Comunque, a parte i radical chic spirituali sempre durissimi a morire e ormai ovunque sotto tuniche indiane o sotto mentite spoglie, si sono visti i censurati di sempre, due anni fa era il boicottaggio di Israele, oggi è il boicottaggio di Amos Oz boicottato da Israele, ossia «vietato» nelle scuole religiose ultraortodosse israeliane e forse gli daranno anche un premio, tanto rumore per nulla. C’era anche Travaglio, il solito censurato nella sala più grande, quella dei Cinquecento, e Saviano che domani verrà o non verrà, insomma si farà attendere, da chi resta perché io me ne vado. Nella fuga mi appaiono ancora diversi zombi-chic della serie «A volte ritornano», non solo Vassalli che riesuma il cadavere di Giulio Einaudi per rimproverargli di averla data a Berlusconi non dandola a Dalai, ma per esempio lui: Alberto Bevilacqua. Sparito dalla televisione, chi se lo ricordava più? Finalmente tumulato in un «Meridiano» anche lui, perché un «Meridiano» ormai non si nega a nessuno, e quando ti danno un «Meridiano» è l’infinocchiamento massimo e l’estrema unzione, so che alla Mondadori a un certo punto ti chiedono: «Preferisci essere cremato o vuoi un “Meridiano”?».

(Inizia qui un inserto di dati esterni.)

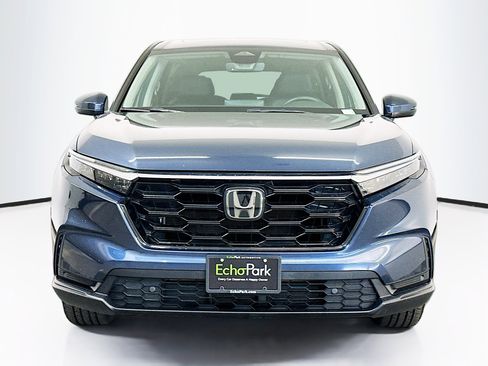 Used 2023 Honda CR-V EX-L image 2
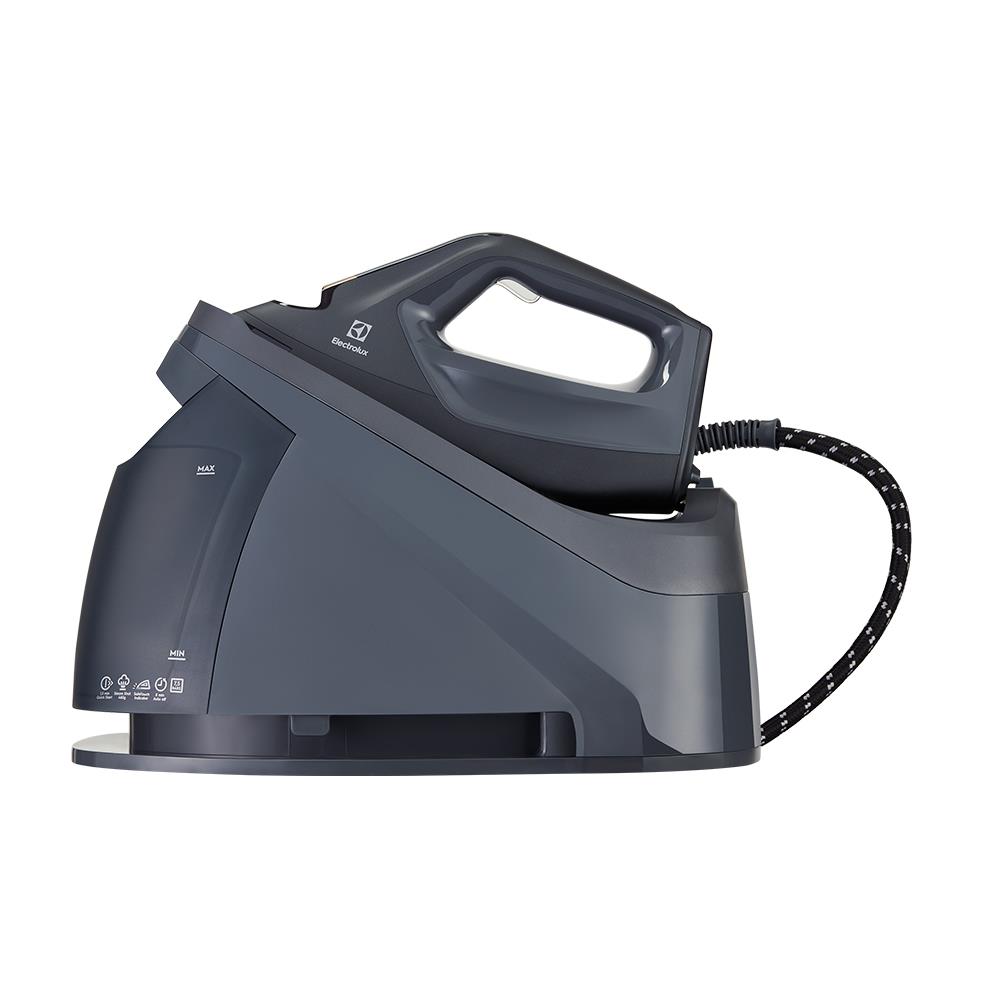 เตารีดแรงดันไอน้ำ ELECTROLUX E8SS1-80GM 1.2 ลิตร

Tanto un «Meridiano» mica è la «Pléiade» Gallimard, è piuttosto un modo gentile per toglierti dalle palle rilegandoti in una bara di cartone, e dopo un’ora di fila e prima di defilarmi riesco a prendermi un hot-dog e a vedere Antonio Franchini recitare le esequie al Caffè Letterario del Salone, sembra il Maurizio Costanzo Show dei vecchi tempi o una camera ardente allestita in un autogrill dove Bevilacqua, come imbalsamato nella sua bevilacquità, è uguale al Bevilacqua di quando, tra i radical chic intellettuali, si diceva, per declassare uno scrittore ambizioso: «Ma che sei, Bevilacqua?».

Che dire? Speriamo meridianizzino presto anche Saviano, Scurati, Ammaniti, Veltroni, Scalfari e tutte le altre signore, così facciamo una bella festa e poi festa finita e amen.